* _YOUR OBJECTIVE_
Lines from the top of the entries through the line that has "Wet McLaren 720S" must be duplicated exactly, and no others.

* _Stored data entries_
※
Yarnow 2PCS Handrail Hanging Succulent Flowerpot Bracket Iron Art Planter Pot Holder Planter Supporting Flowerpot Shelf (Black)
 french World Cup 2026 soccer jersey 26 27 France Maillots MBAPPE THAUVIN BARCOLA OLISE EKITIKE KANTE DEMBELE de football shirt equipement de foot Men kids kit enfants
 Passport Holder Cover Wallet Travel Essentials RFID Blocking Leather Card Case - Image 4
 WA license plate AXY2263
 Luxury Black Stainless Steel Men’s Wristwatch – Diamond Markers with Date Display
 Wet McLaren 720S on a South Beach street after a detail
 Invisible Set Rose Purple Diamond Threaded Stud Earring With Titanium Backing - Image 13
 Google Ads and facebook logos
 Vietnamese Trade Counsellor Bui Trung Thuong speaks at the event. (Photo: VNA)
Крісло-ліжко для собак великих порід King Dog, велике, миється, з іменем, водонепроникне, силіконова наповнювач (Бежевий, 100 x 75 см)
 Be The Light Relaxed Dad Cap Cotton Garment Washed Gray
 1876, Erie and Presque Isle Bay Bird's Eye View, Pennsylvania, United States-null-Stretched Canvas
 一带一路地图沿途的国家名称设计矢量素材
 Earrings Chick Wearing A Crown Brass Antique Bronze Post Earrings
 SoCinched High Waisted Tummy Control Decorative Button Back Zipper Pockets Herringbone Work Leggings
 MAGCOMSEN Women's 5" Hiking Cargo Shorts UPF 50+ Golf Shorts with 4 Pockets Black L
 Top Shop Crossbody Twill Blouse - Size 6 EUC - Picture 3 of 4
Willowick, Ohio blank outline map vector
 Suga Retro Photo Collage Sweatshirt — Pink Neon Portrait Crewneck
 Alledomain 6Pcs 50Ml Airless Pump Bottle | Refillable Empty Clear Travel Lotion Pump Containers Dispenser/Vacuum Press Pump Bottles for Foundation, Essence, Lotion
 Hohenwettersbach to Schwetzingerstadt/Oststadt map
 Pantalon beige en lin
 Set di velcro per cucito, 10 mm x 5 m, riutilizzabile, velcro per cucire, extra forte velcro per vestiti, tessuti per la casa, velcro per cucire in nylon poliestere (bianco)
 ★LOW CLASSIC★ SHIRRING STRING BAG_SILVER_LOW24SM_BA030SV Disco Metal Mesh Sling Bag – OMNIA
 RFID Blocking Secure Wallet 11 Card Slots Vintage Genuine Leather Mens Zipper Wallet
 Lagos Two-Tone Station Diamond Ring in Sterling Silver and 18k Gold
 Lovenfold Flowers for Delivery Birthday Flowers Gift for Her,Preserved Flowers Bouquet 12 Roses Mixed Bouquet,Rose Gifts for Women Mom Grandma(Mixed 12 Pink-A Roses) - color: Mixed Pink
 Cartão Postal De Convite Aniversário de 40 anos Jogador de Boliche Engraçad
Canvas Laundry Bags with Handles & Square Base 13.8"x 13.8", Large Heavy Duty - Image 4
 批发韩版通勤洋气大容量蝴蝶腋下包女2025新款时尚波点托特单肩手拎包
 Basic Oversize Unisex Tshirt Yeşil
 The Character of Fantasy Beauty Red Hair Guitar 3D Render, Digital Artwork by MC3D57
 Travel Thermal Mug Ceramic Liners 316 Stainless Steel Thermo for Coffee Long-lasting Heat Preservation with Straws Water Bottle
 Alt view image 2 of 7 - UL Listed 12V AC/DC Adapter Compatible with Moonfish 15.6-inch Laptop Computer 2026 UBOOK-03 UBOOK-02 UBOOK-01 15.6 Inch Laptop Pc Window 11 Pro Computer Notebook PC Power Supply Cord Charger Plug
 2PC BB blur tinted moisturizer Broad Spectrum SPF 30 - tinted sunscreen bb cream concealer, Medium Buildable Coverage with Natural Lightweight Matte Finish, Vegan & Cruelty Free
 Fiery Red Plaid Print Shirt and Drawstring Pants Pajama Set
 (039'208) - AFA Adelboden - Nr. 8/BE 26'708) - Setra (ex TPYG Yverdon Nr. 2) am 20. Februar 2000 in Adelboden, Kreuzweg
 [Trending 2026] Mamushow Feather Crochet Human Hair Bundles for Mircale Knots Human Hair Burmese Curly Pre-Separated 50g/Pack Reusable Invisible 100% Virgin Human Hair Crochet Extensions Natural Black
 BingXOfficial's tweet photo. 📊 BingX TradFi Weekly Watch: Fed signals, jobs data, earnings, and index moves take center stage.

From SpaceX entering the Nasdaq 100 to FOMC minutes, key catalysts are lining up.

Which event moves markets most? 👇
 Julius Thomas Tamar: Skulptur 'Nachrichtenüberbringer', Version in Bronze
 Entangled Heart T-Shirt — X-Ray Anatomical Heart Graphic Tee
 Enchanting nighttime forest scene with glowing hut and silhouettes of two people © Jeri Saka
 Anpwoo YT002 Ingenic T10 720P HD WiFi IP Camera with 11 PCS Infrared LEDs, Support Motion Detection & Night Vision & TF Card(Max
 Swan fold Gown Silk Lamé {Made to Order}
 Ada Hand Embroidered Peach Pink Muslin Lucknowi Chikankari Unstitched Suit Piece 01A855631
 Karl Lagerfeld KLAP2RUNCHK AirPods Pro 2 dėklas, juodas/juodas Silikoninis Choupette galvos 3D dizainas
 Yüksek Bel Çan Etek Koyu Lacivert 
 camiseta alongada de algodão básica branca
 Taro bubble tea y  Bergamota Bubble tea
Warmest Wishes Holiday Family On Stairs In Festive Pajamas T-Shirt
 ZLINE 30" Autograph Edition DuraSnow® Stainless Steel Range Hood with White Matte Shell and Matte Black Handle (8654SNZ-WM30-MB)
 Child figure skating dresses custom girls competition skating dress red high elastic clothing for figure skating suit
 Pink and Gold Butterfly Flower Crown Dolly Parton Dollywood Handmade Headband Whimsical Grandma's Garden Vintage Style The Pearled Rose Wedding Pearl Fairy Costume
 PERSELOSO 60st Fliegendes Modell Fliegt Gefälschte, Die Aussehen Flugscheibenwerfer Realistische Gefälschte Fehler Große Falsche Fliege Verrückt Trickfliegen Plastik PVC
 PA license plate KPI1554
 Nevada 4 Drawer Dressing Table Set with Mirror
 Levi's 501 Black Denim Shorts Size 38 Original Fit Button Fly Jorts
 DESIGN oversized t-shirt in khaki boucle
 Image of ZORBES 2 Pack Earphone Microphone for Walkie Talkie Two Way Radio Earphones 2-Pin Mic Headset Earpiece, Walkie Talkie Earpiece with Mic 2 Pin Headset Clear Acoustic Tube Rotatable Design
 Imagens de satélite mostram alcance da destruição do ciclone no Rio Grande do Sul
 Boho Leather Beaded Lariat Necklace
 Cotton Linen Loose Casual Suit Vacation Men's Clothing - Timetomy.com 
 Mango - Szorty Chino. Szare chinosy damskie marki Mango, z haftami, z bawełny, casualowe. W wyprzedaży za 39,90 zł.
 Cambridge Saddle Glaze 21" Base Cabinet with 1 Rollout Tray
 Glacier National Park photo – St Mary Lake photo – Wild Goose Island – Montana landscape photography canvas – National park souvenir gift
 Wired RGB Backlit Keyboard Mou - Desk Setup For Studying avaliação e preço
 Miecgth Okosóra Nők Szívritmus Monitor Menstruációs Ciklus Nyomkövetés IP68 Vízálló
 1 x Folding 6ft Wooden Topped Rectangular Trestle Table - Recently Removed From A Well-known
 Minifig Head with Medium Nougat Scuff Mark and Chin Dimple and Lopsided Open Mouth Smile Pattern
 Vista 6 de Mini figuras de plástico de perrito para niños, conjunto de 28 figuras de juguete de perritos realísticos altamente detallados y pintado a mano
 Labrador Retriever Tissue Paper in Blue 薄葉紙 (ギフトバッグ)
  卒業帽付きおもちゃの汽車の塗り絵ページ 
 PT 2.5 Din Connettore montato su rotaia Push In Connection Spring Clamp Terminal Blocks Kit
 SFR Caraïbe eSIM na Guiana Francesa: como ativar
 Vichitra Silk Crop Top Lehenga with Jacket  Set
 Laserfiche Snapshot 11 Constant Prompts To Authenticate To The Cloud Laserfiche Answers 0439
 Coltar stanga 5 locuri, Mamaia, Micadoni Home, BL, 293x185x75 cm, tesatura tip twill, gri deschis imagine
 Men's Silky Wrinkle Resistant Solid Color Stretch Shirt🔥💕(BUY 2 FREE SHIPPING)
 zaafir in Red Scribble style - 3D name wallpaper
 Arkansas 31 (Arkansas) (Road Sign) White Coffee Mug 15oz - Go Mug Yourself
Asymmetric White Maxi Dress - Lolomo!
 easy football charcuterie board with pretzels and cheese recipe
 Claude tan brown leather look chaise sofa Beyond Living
※
* _COMPLETED EXERCISE_
Yarnow 2PCS Handrail Hanging Succulent Flowerpot Bracket Iron Art Planter Pot Holder Planter Supporting Flowerpot Shelf (Black)
 french World Cup 2026 soccer jersey 26 27 France Maillots MBAPPE THAUVIN BARCOLA OLISE EKITIKE KANTE DEMBELE de football shirt equipement de foot Men kids kit enfants
 Passport Holder Cover Wallet Travel Essentials RFID Blocking Leather Card Case - Image 4
 WA license plate AXY2263
 Luxury Black Stainless Steel Men’s Wristwatch – Diamond Markers with Date Display
 Wet McLaren 720S on a South Beach street after a detail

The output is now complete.